| Your instructions |
Only the lines from the one that includes "Hilend's Bedstraw (subsp." through the last line below belong in the reply, copied exactly and without pictures.

| Extracted material |

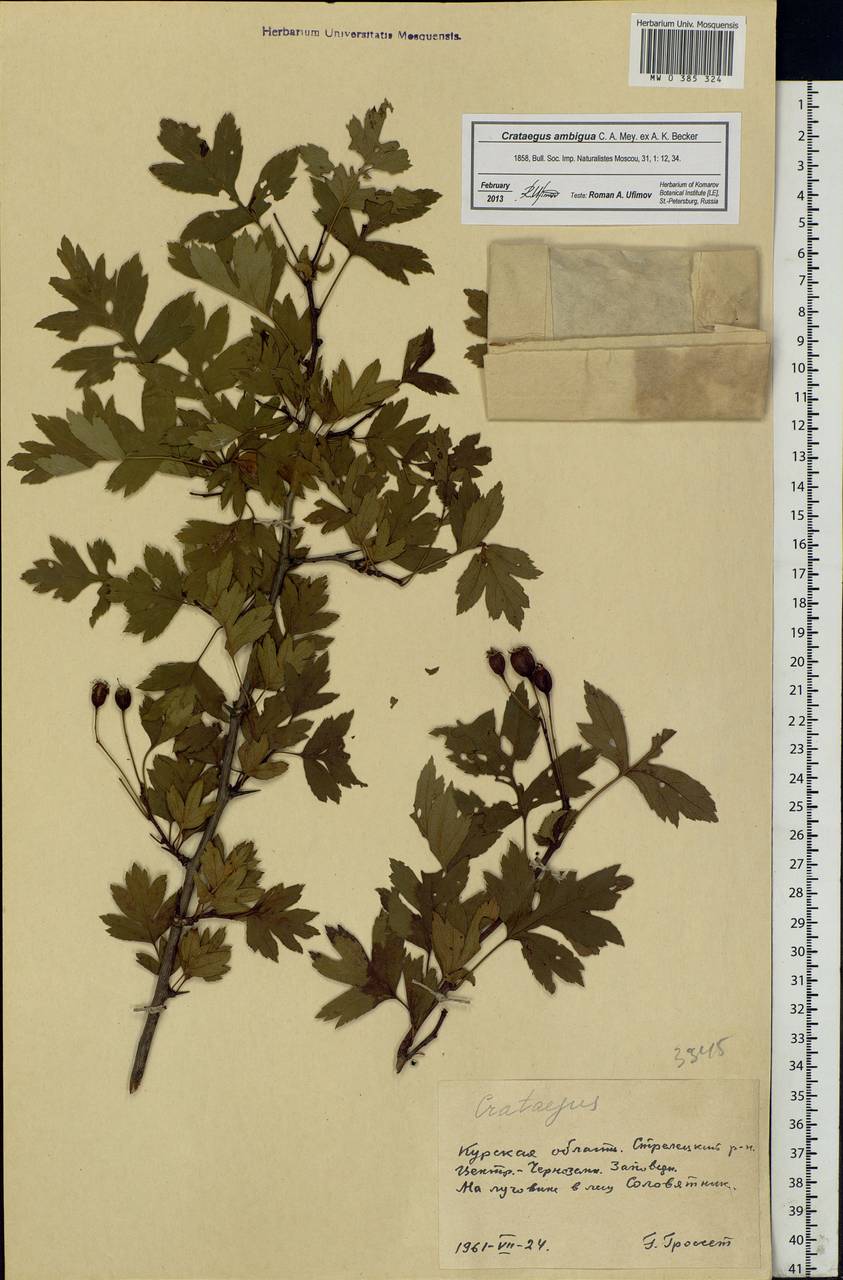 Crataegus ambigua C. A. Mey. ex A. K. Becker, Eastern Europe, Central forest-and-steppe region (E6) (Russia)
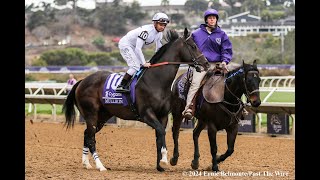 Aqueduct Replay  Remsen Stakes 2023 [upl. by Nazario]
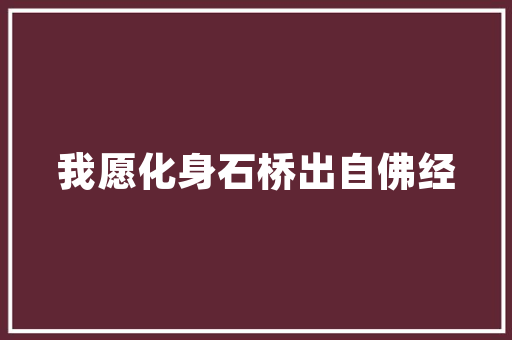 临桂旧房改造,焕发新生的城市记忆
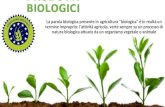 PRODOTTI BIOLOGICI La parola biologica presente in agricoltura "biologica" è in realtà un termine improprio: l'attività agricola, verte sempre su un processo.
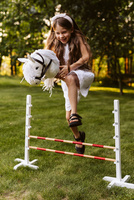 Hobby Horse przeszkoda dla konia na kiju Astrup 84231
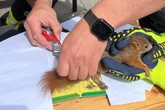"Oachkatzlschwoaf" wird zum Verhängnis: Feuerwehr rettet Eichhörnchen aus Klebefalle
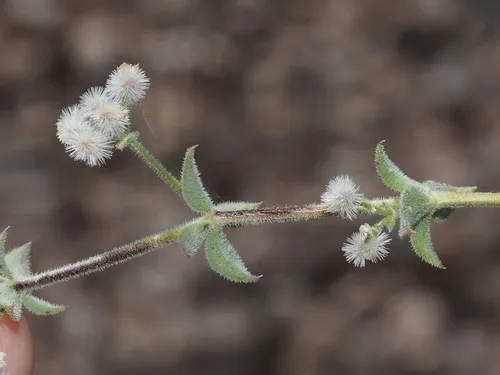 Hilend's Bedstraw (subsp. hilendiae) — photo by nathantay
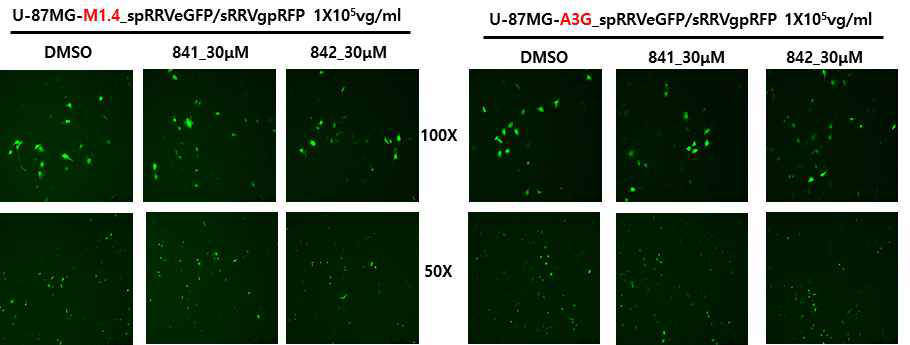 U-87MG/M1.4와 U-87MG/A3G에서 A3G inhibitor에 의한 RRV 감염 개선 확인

| Task answer |
 Hilend's Bedstraw (subsp. hilendiae) — photo by nathantay
 U-87MG/M1.4와 U-87MG/A3G에서 A3G inhibitor에 의한 RRV 감염 개선 확인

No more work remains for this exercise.